• Exercise aim:
Everything in the listing should be set down exactly, apart from the pictures.

• Exercise input:

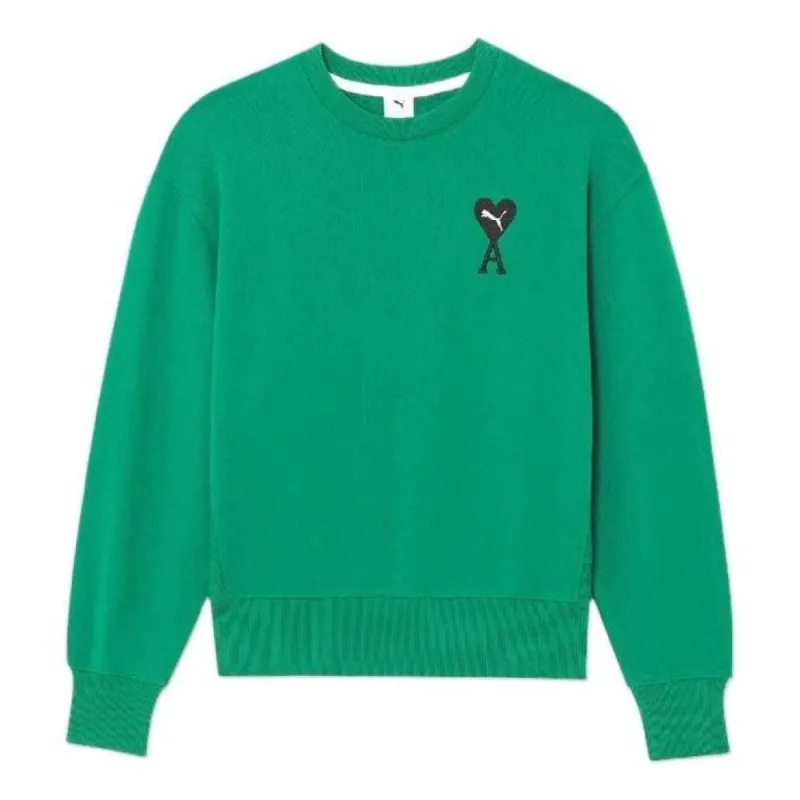 Puma X Ami Crew Neck Sweatshirt 'Green' 534111-96 sold by KicksCrew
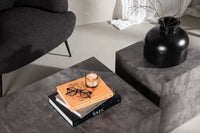 Sofabord York 40x40 + Sofabord 80 x 60 – mørkegrå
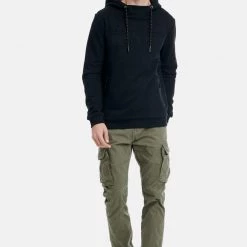 Ανδρική φούτερ μπλούζα FUNKY BUDDHA μαύρη -Πλεκτά-Ζακέτες Εκπτώσεις 7004573.0 0001 5 funky buddha ανδρική φούτερ μπλούζα funky buddha μαύρη x1000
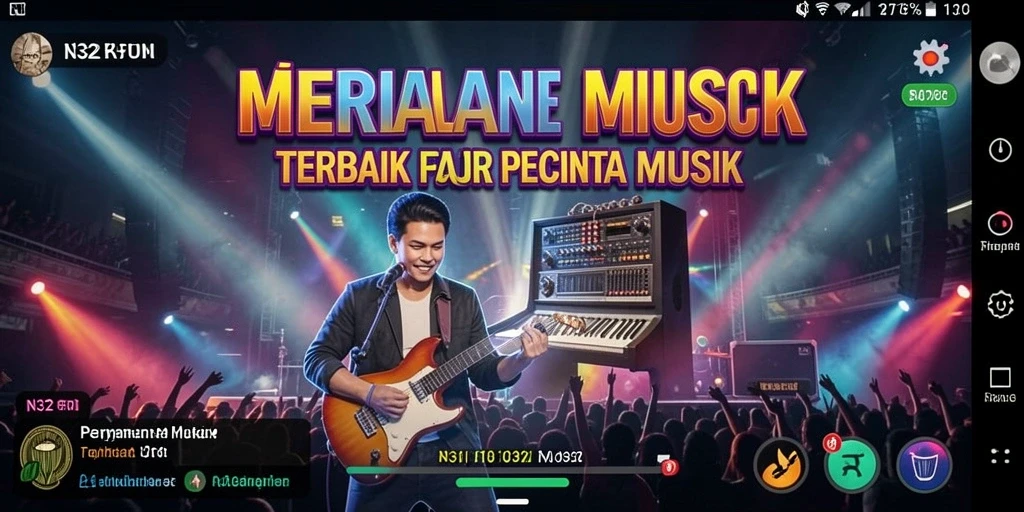 Tampilan gameplay N32 yang penuh warna dan energik.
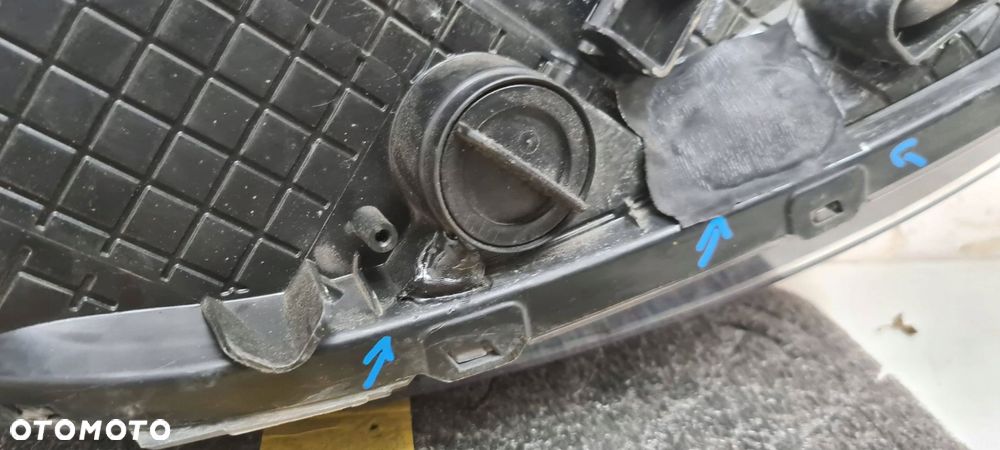 kia ceed ii lampa lewa reflektor soczewka h7+h7+led eu - 6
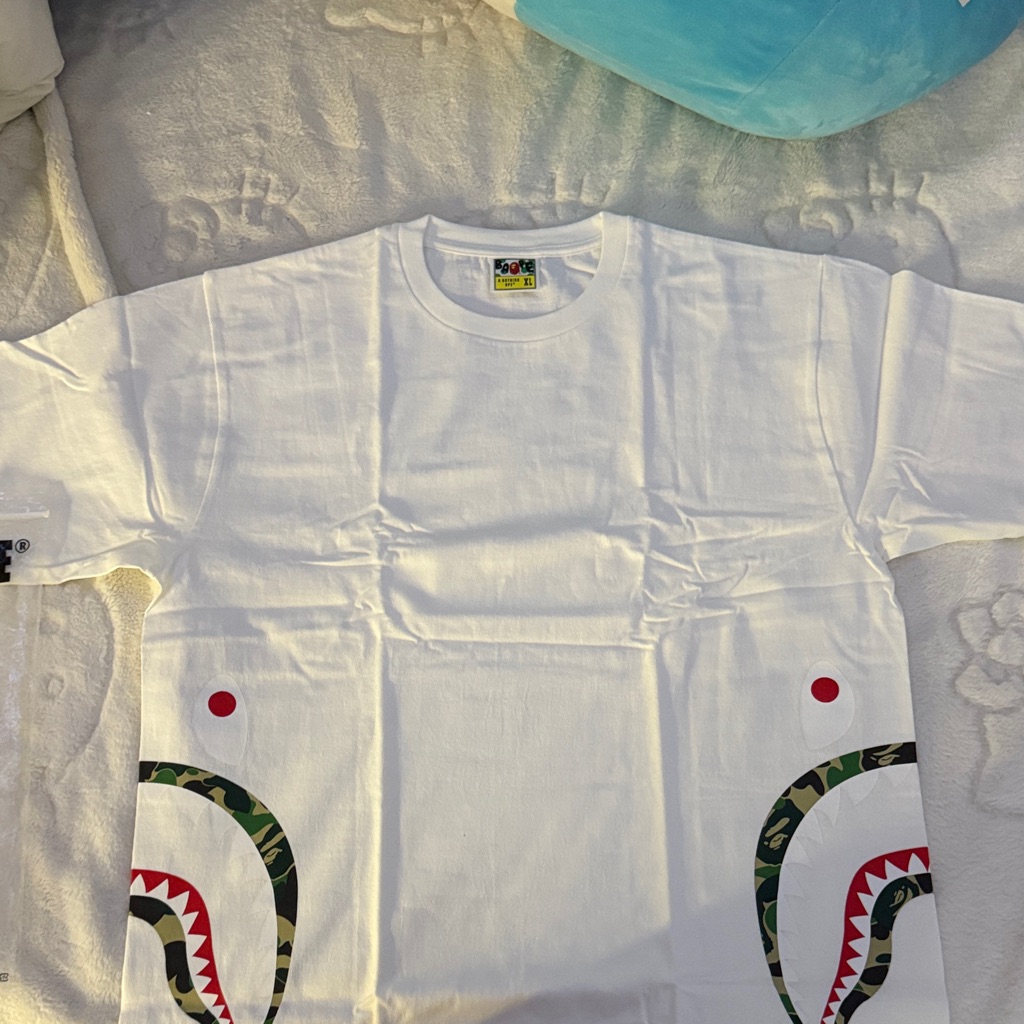 White X Green Bape Adult Shirt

• Result below:
 Puma X Ami Crew Neck Sweatshirt 'Green' 534111-96 sold by KicksCrew
 Sofabord York 40x40 + Sofabord 80 x 60 – mørkegrå
 Ανδρική φούτερ μπλούζα FUNKY BUDDHA μαύρη -Πλεκτά-Ζακέτες Εκπτώσεις 7004573.0 0001 5 funky buddha ανδρική φούτερ μπλούζα funky buddha μαύρη x1000
 Tampilan gameplay N32 yang penuh warna dan energik.
 kia ceed ii lampa lewa reflektor soczewka h7+h7+led eu - 6
 White X Green Bape Adult Shirt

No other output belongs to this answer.